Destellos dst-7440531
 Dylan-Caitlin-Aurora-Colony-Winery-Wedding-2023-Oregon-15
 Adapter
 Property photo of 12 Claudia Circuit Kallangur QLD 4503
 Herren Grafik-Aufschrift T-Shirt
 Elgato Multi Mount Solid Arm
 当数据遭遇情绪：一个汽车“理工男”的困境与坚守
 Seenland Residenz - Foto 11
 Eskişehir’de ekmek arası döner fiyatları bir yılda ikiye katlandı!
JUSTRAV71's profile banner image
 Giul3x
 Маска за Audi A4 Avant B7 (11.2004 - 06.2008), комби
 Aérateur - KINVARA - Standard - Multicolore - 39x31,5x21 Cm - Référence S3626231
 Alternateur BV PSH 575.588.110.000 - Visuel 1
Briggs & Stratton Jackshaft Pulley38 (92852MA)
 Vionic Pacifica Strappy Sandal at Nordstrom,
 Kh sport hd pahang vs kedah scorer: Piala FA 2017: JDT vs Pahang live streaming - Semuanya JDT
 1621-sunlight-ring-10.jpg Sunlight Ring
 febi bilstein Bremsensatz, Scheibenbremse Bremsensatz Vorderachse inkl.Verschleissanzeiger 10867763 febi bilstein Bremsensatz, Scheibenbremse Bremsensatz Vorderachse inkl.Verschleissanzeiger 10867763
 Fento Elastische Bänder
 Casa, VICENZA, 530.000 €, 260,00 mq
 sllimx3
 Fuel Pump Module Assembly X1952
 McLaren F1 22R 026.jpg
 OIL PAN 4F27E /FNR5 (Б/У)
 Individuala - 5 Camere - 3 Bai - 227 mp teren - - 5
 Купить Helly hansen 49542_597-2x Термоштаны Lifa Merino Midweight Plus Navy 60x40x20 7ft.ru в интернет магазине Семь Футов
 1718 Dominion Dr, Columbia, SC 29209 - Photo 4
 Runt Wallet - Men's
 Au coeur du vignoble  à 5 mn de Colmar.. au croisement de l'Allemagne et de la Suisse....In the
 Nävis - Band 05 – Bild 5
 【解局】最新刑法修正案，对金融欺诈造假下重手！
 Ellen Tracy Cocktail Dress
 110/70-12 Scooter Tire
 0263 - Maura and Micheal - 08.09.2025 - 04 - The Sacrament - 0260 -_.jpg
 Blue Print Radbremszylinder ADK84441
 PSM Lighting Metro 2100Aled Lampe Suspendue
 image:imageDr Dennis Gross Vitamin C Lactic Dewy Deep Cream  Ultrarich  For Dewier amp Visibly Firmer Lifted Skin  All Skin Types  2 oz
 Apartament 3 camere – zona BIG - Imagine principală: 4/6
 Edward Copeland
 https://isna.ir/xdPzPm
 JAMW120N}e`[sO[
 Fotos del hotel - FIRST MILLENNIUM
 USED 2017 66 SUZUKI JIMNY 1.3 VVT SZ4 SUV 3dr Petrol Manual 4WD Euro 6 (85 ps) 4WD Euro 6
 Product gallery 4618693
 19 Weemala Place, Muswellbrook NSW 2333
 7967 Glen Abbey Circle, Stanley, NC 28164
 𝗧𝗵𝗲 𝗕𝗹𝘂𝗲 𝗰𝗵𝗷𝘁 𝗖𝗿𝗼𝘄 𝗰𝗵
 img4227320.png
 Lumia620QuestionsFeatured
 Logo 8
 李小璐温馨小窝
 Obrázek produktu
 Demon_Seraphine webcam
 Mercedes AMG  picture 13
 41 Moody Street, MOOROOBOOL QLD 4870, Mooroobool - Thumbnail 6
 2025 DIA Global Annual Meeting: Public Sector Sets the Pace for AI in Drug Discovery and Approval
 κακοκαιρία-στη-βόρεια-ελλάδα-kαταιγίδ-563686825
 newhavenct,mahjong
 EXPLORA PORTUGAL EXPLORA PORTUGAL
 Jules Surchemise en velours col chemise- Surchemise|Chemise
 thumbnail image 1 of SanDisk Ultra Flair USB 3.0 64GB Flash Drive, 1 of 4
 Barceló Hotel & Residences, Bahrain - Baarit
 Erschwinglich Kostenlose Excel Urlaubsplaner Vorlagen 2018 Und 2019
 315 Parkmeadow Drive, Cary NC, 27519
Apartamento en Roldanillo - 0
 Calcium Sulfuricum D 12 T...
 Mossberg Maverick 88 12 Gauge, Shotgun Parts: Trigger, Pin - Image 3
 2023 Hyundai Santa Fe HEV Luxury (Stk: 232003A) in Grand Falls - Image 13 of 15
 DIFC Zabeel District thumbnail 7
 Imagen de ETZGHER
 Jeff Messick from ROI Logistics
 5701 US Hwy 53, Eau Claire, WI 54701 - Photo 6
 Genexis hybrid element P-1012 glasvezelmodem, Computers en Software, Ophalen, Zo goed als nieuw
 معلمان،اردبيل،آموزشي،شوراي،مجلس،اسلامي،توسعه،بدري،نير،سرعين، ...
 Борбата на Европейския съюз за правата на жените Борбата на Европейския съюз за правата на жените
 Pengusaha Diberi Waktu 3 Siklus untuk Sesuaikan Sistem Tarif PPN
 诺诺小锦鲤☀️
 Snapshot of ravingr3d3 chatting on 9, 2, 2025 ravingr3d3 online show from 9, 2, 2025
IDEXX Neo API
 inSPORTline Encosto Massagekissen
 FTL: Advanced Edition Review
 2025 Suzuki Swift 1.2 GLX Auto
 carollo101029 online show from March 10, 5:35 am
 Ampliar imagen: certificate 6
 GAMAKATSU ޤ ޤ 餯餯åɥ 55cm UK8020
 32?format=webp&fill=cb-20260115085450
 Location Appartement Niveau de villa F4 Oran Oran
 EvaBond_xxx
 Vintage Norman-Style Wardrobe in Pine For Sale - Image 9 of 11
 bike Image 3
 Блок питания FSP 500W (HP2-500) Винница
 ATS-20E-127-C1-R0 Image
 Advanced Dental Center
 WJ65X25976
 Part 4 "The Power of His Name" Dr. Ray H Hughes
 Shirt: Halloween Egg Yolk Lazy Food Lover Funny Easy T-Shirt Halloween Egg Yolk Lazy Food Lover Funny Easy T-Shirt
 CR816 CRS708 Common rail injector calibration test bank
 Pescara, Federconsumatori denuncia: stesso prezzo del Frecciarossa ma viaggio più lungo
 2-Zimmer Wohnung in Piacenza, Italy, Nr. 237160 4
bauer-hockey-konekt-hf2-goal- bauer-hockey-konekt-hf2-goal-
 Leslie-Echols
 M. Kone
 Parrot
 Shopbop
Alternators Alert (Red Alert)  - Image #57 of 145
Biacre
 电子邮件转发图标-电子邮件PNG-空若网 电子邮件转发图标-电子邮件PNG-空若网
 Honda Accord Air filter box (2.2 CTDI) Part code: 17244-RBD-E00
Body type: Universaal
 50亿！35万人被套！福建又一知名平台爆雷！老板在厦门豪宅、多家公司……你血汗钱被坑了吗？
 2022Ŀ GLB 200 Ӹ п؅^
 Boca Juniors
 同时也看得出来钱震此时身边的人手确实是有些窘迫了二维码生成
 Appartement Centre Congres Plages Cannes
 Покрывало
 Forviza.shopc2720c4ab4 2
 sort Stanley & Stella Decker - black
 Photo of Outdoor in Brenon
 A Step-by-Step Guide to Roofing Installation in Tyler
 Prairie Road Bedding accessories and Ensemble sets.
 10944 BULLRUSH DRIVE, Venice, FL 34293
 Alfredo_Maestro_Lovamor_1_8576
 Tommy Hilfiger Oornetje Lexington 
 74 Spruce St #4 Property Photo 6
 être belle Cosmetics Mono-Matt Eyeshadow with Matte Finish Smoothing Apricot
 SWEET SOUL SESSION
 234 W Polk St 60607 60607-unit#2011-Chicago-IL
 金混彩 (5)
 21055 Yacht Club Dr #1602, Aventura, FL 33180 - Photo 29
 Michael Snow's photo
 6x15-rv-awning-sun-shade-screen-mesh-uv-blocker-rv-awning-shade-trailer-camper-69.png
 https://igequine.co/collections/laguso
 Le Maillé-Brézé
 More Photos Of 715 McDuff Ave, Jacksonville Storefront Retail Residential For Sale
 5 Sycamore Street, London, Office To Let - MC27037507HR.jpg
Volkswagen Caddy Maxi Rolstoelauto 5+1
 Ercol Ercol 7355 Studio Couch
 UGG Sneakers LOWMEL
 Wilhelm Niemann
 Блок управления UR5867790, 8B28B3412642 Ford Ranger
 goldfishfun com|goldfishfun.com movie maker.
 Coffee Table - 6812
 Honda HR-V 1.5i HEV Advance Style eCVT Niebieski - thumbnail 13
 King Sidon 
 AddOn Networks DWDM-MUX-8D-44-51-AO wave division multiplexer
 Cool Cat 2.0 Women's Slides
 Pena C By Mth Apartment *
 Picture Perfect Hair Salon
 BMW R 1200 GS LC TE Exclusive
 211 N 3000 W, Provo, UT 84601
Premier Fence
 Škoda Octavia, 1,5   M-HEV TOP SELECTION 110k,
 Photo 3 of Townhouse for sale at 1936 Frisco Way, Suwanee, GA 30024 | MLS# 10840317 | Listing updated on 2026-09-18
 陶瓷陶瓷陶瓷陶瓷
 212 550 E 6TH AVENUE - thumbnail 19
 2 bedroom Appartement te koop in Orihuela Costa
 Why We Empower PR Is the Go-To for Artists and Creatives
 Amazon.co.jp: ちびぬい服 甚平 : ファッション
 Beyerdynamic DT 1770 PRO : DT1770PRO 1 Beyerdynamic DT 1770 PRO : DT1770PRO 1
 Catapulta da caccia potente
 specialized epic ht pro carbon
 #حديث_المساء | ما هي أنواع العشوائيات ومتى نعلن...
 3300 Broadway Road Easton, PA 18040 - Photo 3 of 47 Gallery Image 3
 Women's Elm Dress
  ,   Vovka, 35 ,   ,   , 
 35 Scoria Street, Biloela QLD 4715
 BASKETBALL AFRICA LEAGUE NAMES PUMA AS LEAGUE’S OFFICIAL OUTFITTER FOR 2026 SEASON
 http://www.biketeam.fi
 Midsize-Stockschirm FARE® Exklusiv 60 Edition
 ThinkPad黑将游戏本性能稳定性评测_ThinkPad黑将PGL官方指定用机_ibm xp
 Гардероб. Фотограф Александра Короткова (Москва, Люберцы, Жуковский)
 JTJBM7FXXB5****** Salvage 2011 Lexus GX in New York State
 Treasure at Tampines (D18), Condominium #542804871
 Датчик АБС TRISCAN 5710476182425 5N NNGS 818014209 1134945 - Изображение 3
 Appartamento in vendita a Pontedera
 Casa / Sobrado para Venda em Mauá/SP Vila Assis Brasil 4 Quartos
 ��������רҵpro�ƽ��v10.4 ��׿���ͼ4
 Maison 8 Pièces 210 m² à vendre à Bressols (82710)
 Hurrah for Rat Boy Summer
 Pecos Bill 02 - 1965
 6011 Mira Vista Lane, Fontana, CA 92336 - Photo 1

◆ ASSIGNMENT:
Write out exactly the lines above from the line with "Ellen Tracy Cocktail Dress" through the line with "Product gallery 4618693", both of them included, and leave out all other lines.

◆ ANSWER TO THIS PROBLEM:
 Ellen Tracy Cocktail Dress
 110/70-12 Scooter Tire
 0263 - Maura and Micheal - 08.09.2025 - 04 - The Sacrament - 0260 -_.jpg
 Blue Print Radbremszylinder ADK84441
 PSM Lighting Metro 2100Aled Lampe Suspendue
 image:imageDr Dennis Gross Vitamin C Lactic Dewy Deep Cream  Ultrarich  For Dewier amp Visibly Firmer Lifted Skin  All Skin Types  2 oz
 Apartament 3 camere – zona BIG - Imagine principală: 4/6
 Edward Copeland
 https://isna.ir/xdPzPm
 JAMW120N}e`[sO[
 Fotos del hotel - FIRST MILLENNIUM
 USED 2017 66 SUZUKI JIMNY 1.3 VVT SZ4 SUV 3dr Petrol Manual 4WD Euro 6 (85 ps) 4WD Euro 6
 Product gallery 4618693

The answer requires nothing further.